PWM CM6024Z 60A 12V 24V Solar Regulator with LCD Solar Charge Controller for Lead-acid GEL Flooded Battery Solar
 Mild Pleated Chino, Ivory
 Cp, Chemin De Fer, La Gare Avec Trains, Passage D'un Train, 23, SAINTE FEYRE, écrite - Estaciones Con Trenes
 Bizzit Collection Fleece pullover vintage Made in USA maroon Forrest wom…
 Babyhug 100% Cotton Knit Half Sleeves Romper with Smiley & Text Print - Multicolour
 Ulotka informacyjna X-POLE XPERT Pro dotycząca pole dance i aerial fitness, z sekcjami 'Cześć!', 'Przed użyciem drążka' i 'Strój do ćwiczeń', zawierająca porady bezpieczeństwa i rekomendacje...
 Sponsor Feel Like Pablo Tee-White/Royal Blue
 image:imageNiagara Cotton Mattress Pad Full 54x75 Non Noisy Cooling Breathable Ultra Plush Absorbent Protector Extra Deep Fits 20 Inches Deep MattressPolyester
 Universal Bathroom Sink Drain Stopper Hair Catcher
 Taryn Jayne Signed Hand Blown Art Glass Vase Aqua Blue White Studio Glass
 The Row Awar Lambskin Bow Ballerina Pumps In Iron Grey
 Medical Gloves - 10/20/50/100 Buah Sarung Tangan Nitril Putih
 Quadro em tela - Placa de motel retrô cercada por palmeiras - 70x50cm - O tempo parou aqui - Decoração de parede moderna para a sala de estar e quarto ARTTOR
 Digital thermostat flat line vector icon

--------

Write out every line, unchanged, from the one containing "Universal Bathroom Sink" through the closing line of the data.

 Universal Bathroom Sink Drain Stopper Hair Catcher
 Taryn Jayne Signed Hand Blown Art Glass Vase Aqua Blue White Studio Glass
 The Row Awar Lambskin Bow Ballerina Pumps In Iron Grey
 Medical Gloves - 10/20/50/100 Buah Sarung Tangan Nitril Putih
 Quadro em tela - Placa de motel retrô cercada por palmeiras - 70x50cm - O tempo parou aqui - Decoração de parede moderna para a sala de estar e quarto ARTTOR
 Digital thermostat flat line vector icon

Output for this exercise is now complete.